**About this task:**
Looking at the records below, say how many lines contain "with". Nothing else belongs in the answer.

BEGIN Data extract

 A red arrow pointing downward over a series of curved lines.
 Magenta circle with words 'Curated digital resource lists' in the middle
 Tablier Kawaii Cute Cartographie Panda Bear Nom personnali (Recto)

END Data extract
BEGIN Data extract

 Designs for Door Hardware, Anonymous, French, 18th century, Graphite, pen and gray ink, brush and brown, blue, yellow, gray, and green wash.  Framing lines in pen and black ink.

END Data extract
BEGIN Data extract

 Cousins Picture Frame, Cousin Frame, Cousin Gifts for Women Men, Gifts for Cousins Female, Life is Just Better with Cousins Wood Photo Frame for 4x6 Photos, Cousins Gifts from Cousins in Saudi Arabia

END Data extract

**Task output:**
2